ASSIGNMENT. Set down all of the data that follows word for word, without the images.

━━━━━━━━━━━━━━━━

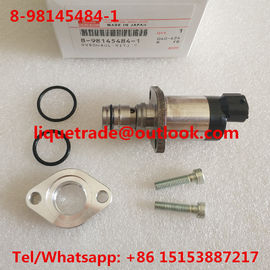 LA CHINE ISUZU Valve 8-98145484-1 kits 8981454841, valve 475, 294200-4750, 294200-2750 de révision de valve de SCV fournisseur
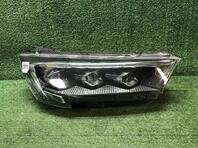 Фара правая Jetour X90 PLUS I 2021 - н.в.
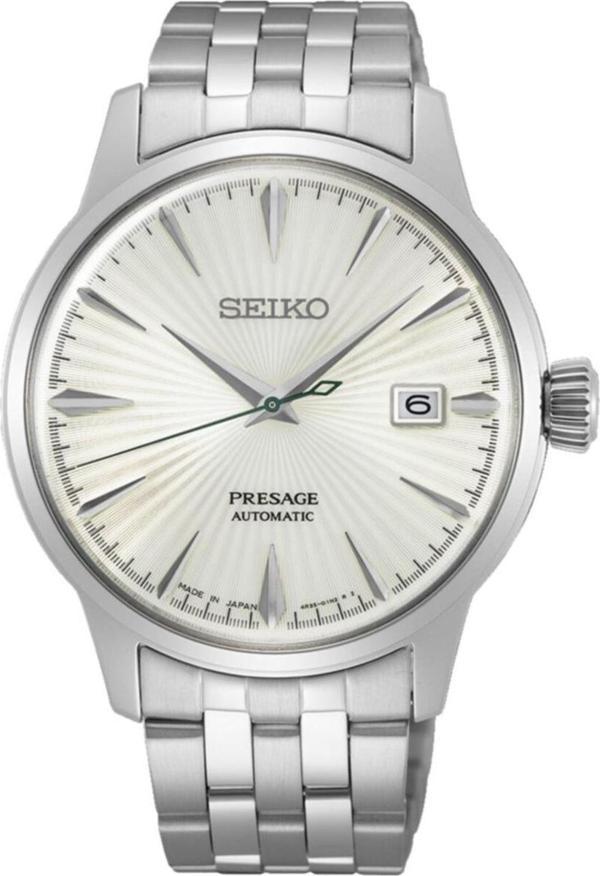 Seiko Presage Srpg23j Otomatik Erkek Kol Saati - Image 1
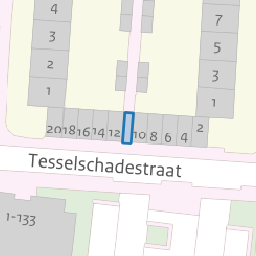 Perceel GDA01-F-2553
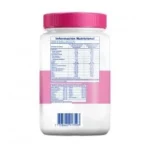 Proteína Whey Benet Colágeno Sabor Frutos Rojos - BÉNET- 375g - Imagen 3
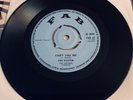 KEN BOOTHE CAN'T YOU SEE FAB  FAB63 NEAR MINT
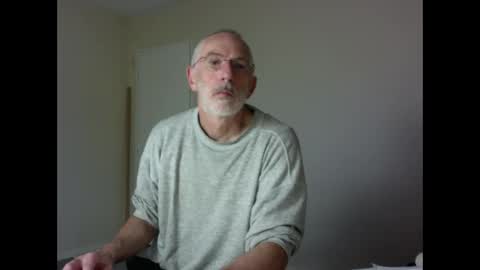 Jack Pierrot online show from October 2025 05:54:02 PM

━━━━━━━━━━━━━━━━

THE COMPLETED TASK.
 LA CHINE ISUZU Valve 8-98145484-1 kits 8981454841, valve 475, 294200-4750, 294200-2750 de révision de valve de SCV fournisseur
 Фара правая Jetour X90 PLUS I 2021 - н.в.
 Seiko Presage Srpg23j Otomatik Erkek Kol Saati - Image 1
 Perceel GDA01-F-2553
 Proteína Whey Benet Colágeno Sabor Frutos Rojos - BÉNET- 375g - Imagen 3
 KEN BOOTHE CAN'T YOU SEE FAB  FAB63 NEAR MINT
 Jack Pierrot online show from October 2025 05:54:02 PM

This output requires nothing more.